There was also recognition that with the establishment of new agencies such as Medicare Locals, the initial focus of performance management should include ‘process’ measures, not only health outcome measures. Citing Steve Leeder in his absence (‘the target matters, but so does the archery’), workshop participants suggested that building collaborative relationships between LHNs, Medicare Locals and other health, community and aged care services was an essential first step in the long journey of health system reform.
Including the private sector
Historically, most health performance reporting has been at the level of states and territories (such as the annual Report on Government Services) and has focussed mainly on public hospitals. The new NHPA will produce Hospital Performance Reports (with information on each Local Hospital Network and individual public and private hospitals) and Healthy Community Reports (with information on the performance of Medicare Locals and measurement of the health of local communities).
Workshop participants suggested that, to date, there had been only limited engagement with the private sector (private hospitals, private specialists, GPs) by the performance agencies. Consumers and clinicians want access to performance data about all parts of the health system, not just public hospitals.
Encouraging integration and avoiding perverse incentives
Another potential trap for the national performance agencies is to focus tightly on performance measures for each type of health service, while neglecting continuity of care issues.
Workshop participants offered several proposals to avoid performance reporting echoing the silos of the health system.
First, performance measures could focus on improving the outcomes for people with chronic diseases such as diabetes, where good outcomes depend on effective working relationships across many health providers.
Second, the national agencies could explicitly measure how well health services are performing in providing integrated care and whether they are collaborating with other health services.
Finally, there was a heartfelt plea not to ignore the need to improve the performance of sometimes neglected areas including mental health services.
Participants warned against the obvious risk of performance measures resulting in perverse incentives – all the effort and resources being diverted to public hospital waiting time measures, with inadequate attention on other health services or population groups.
Promoting intelligent use of performance data
There was strong interest in ensuring that the national performance agencies added value to health services, rather than generating extra red tape and reporting burden.

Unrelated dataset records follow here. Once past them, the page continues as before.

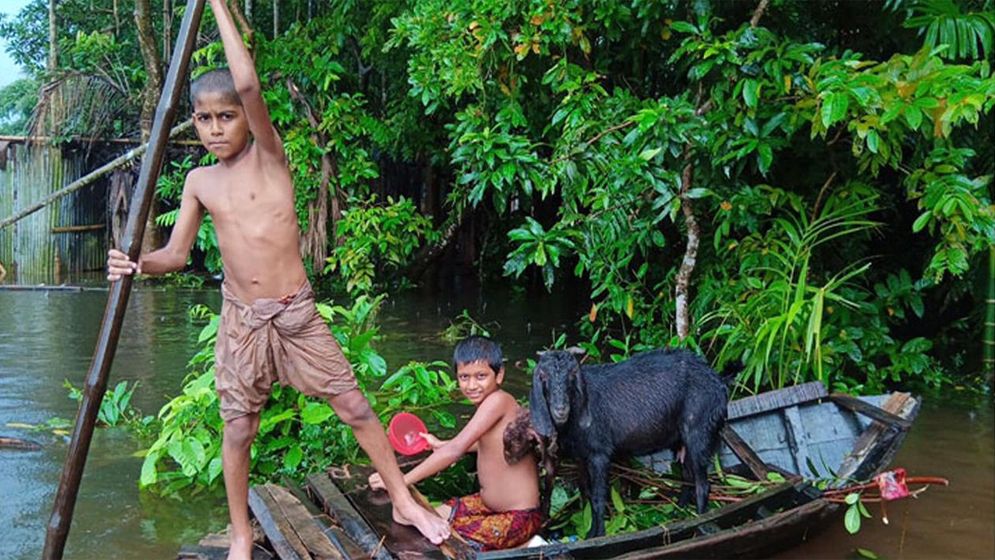 লক্ষ্মীপুরে বন্যা পরিস্থিতির অবনতি, ত্রাণের জন্য হাহাকার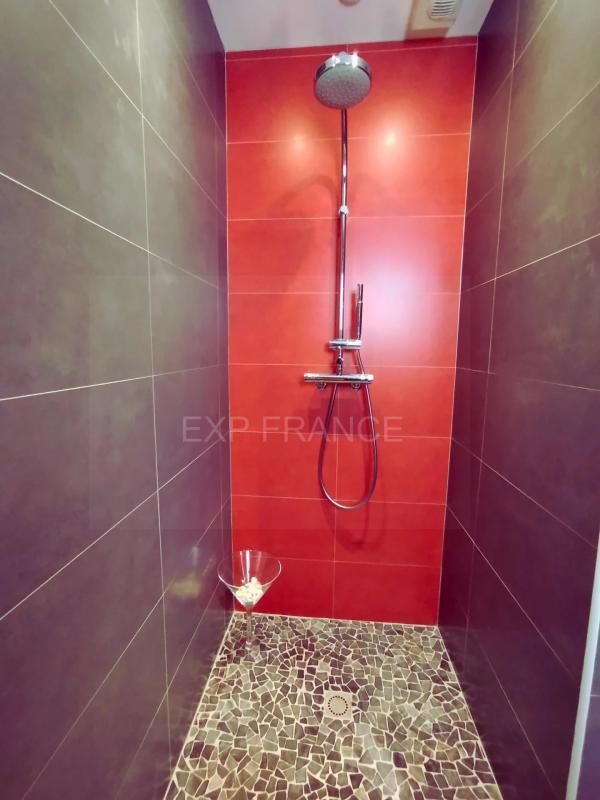 Maison - 254 m² - 10 pièces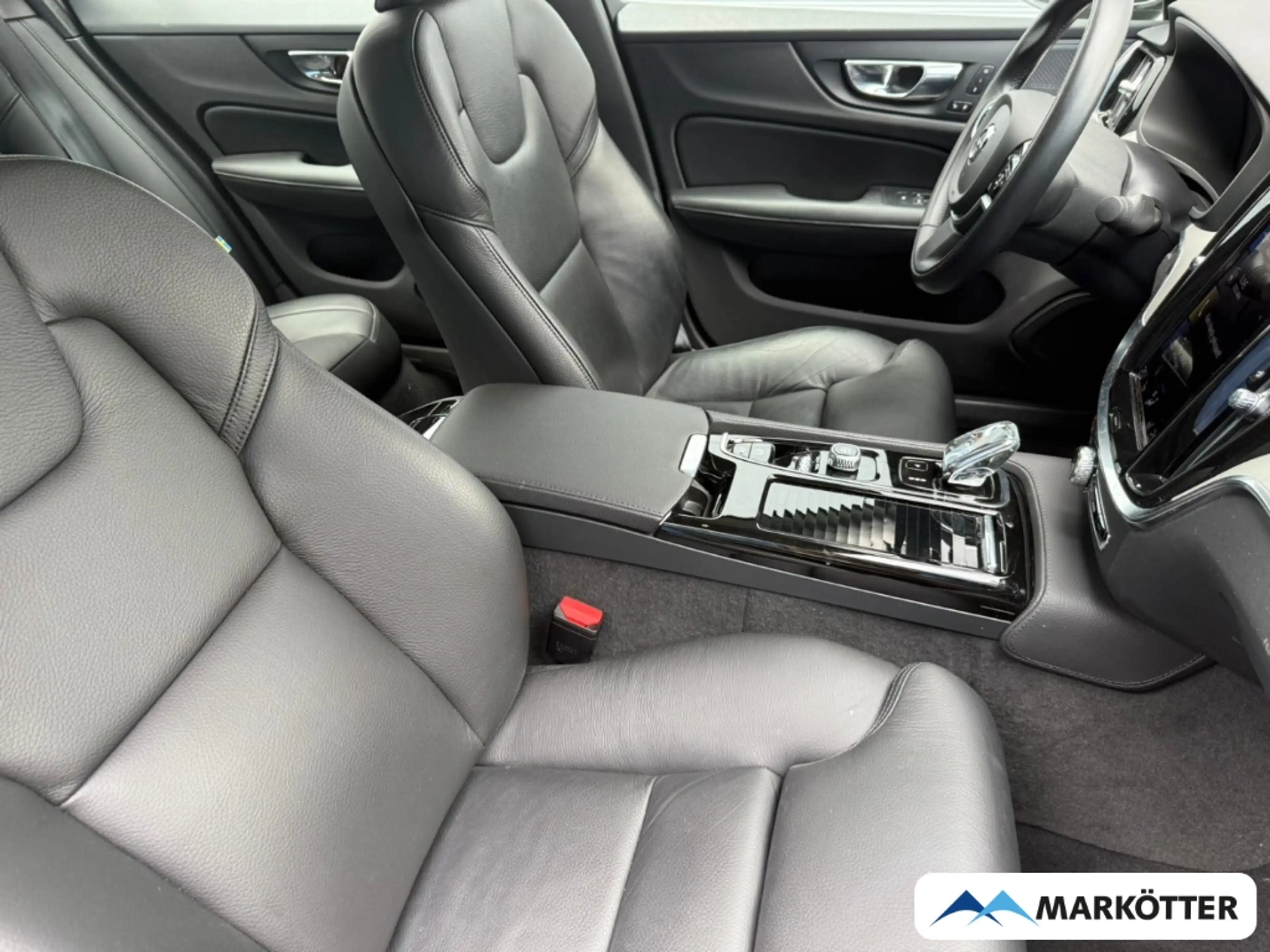 Volvo S60 T8 AWD Inscription Recharge ACC/BLIS/360° — photo 13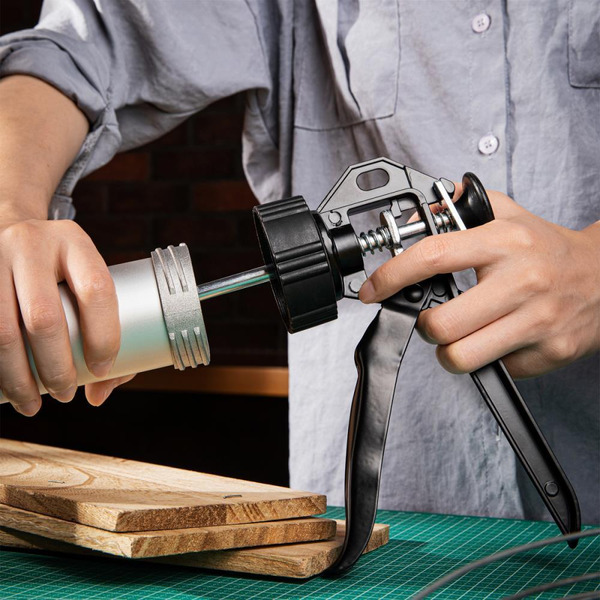 Пистолет для герметика Deli EDL2380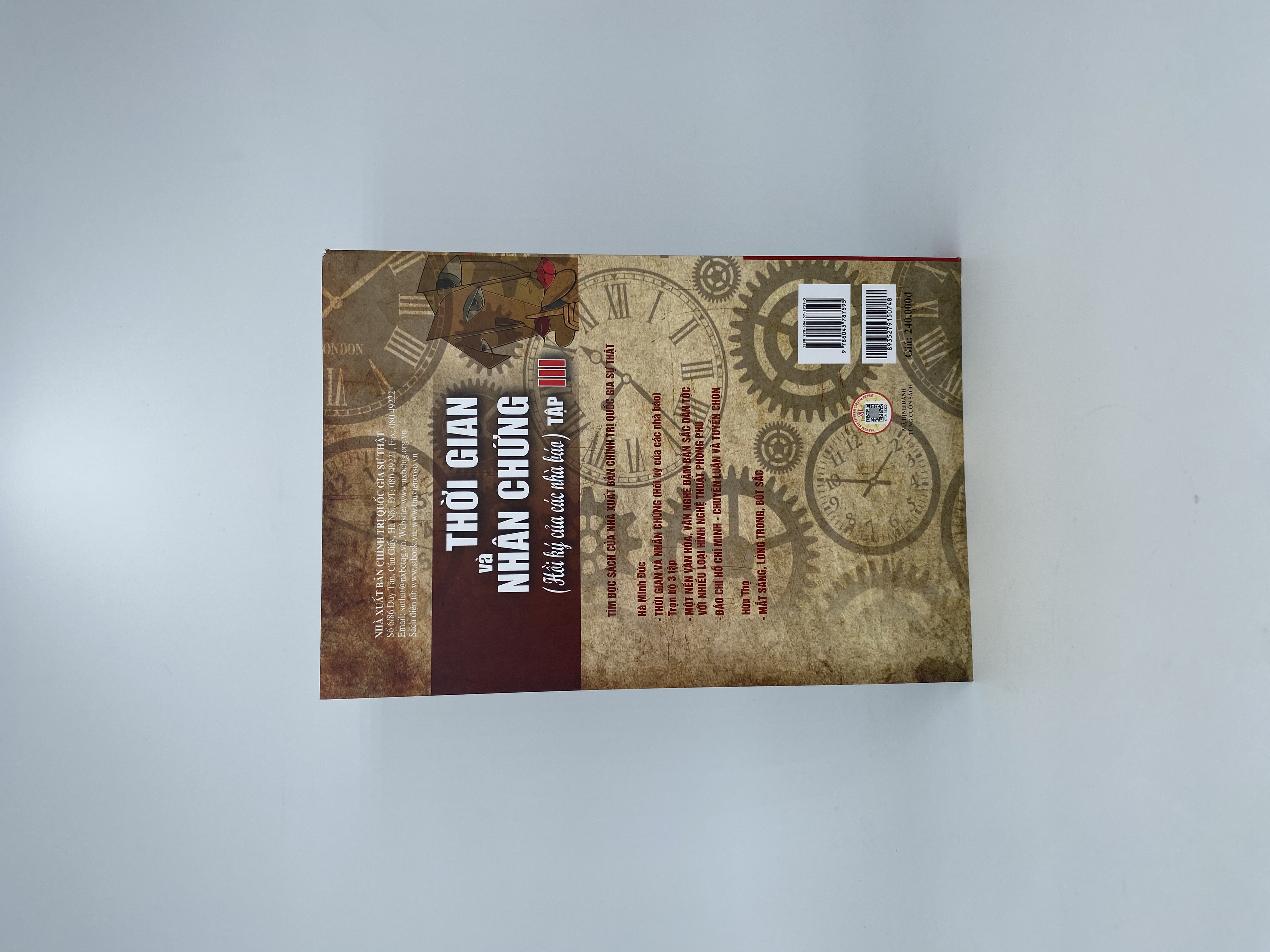 Thời gian và nhân chứng (Hồi ký của các nhà báo).Tập III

At the front-end, this included adherence to the ‘collect data once, use it multiple times’ approach.
Workshop participants also highlighted the benefits of effectively managed data linkage, the potential of the personally controlled electronic health record, and the need for national performance agencies to provide data back to health services that was clinically meaningful and could help generate a picture of population health needs for local planning.
Building a learning culture
The final set of issues and lessons relates to ensuring that health services (and governments) can learn and improve from the heightened focus on performance reporting.
One barrier is that the national performance agencies are generally prohibited from providing ‘policy advice’ on performance improvement: they can report poor performance, but are not allowed to offer advice to governments about systemic changes that might improve health service performance.
Creating a culture that encourages debate and promotes innovation is likely to be a continuing challenge for a health system, when the default position is to take a risk-averse approach and keep health system issues out of the media.
PS. Also a brief mention of the AHHA workshop in The Australian.